Sunday, March 10, 2013

The Executioner in Chief

3/10/2013 – – The hypocrisy of the Democratic Party, and the left generally, was spectacularly on display over the issue of drone attacks on American citizens on American soil. I saw this hypocrisy before, during the Clinton administration. Then the hypocrisy was the refusal to condemn a Democratic Party president over his sexual harassment of an internal. This time, of course, the hypocrisy is in service to a much more serious violation of American traditions, norms and law.

It should be an embarrassment that it took a Republican Party senator, Rand Paul, to confront the Obama administration over its unwillingness to renounce the right to kill American citizens by drone attacks on American soil, without arrest and without trial. And I would like to make it clear that I have always felt this way. I referred in class, before the Paul filibuster, to Pres. Obama as the executioner in chief.

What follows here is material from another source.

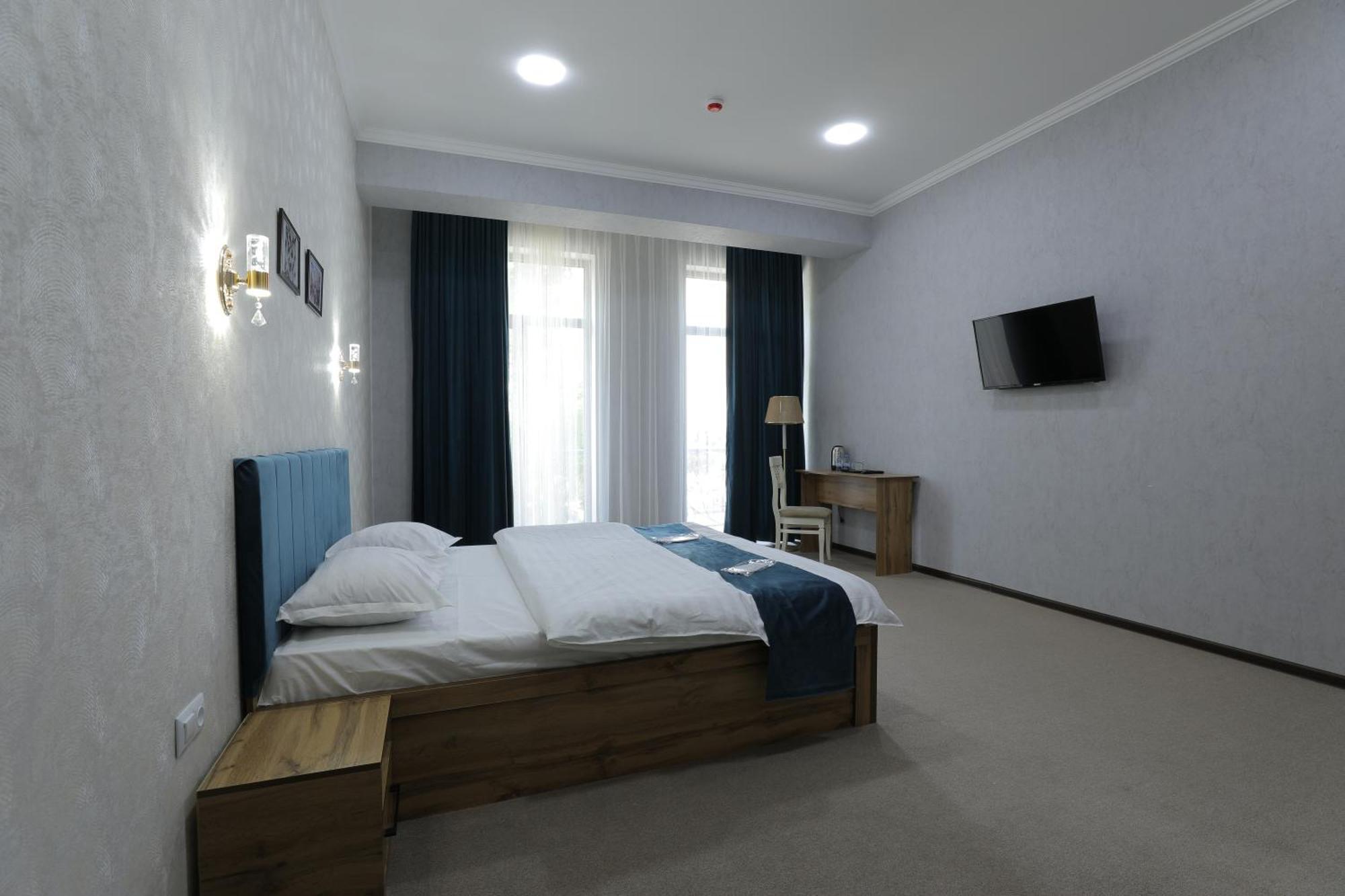 Resident Hotel Tasjkent Eksteriør billede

The justifications offered for this “right” to execute Americans by drone are not at all convincing. Specifically, there is already authority for something like the necessity of shooting down a pirated airplane that is heading into an occupied area, as was the case on 9/11. Similarly, there is already authority in criminal law to shoot to kill and escaping criminal suspect under certain limited circumstances. There is no reason this could not be done by drone as well as by gun. But the authority to shoot and escaping suspect comes after the attempt to arrest the suspect, not instead of an attempt to arrest the suspect. A drone attack, conversely, is not a failed arrest but an assassination.

The larger lesson in the drone controversy, however, is a reminder that the suspicions of the right about government are by and large justified. This is not shocking. The ACLU exists after all because the left knows perfectly well that government is a dangerous enterprise. Nor is this a condemnation of government regulation or government redistribution of income. It is a reminder, however, that even in these endeavors government is not inherently trustworthy.

This is one reason why a basically private economy is preferable to one of government owned resources. Today in the New York Times, David Segal, in his column entitled the Haggler, savagely criticized the customer service actions of the Whirlpool Corporation. Segal could do this, and Whirlpool must really respond, because Whirlpool has competitors. And Whirlpool cannot respond by investigating Segal or by harassing him, at least not in any obvious way.

But what if Segal had been criticizing a government service instead? In part it would have been somewhat the same. But not entirely so. Charles G. Koch, who is so wrong on so much, likes to say corporations don’t have power. Only government has power because power means the power to coerce. It is a lesson worth remembering even though it does not mean everything that the Koch brothers believe it to mean.